Statistik und Reports dürfen keine Vergangenheitsbewältigung sein

In Unternehmen werden verschiedenste Arten von Statistiken und Reports erstellt und regelmässig aktualisiert. Jede Abteilung legt sich ihre eigenen Kennzahlen, Ziele und entsprechende Auswertungen zurecht und überall fallen zahlreiche Arbeitsstunden dafür an. Diese Auswertungen sind natürlich eine Betrachtung der Vergangenheit und bestenfalls der aktuellen Situation. Die Vergangenheit kann aber nicht mehr verändert werden.

Reports die für den Benutzer keinen Nutzen in der Zukunft haben, gehören ersatzlos gestrichen. Eine Ausnahme bilden Buchhaltungsdaten. Nach meiner Erfahrung können unter dieser Voraussetzung die Hälfte aller Auswertungen eliminiert werden.

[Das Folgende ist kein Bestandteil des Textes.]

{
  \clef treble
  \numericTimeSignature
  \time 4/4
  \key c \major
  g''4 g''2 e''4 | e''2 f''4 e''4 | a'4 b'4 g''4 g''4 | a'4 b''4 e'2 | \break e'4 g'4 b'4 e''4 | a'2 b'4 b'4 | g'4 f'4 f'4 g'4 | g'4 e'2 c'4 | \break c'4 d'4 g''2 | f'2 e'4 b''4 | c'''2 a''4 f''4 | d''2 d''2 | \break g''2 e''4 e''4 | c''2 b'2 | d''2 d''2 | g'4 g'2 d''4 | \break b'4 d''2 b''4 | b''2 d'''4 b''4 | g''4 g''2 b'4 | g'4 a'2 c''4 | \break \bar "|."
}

Beispielsweise Kundenstatistiken im Verkauf sollen in erster Linie dazu dienen Entwicklungsmöglichkeiten zu erkennen. Oder frühzeitig eine Verhaltensänderung von Kunden zu erfahren um entsprechend reagieren zu können. Meist ist es also nach wie vor so dass der Mitarbeiter einen Report erhält. Dieser enthält Zahlen und Informationen aus der Vergangenheit. Die Aufgabe des Mitarbeiters ist es nun zu analysieren, interpretieren und mögliche Massnahmen abzuleiten. Um ihm diese Arbeit zu erleichtern sollten Reports interaktiv sein. Ich kann also einen einzelnen Bereich genauer anschauen, oder mit einem Klick sehen welche Produkte meine Marge absinken liessen, oder welche Kunden am meisten unter Budget liegen und so meine Ziele gefährden, oder welche Produktgruppen bei welchen Kundengruppen am meisten oder wenigsten nachgefragt werden. Wenn ich das mit Listen erledigen möchte muss ich mit verschiedenen Listen arbeiten und die entsprechenden Einträge suchen. Deshalb sind Listen und Ausdrucke wenig geeignet und Erkenntnisse daraus zu gewinnen wesentlich zeitintensiver als mit einem interaktiven Dashboard.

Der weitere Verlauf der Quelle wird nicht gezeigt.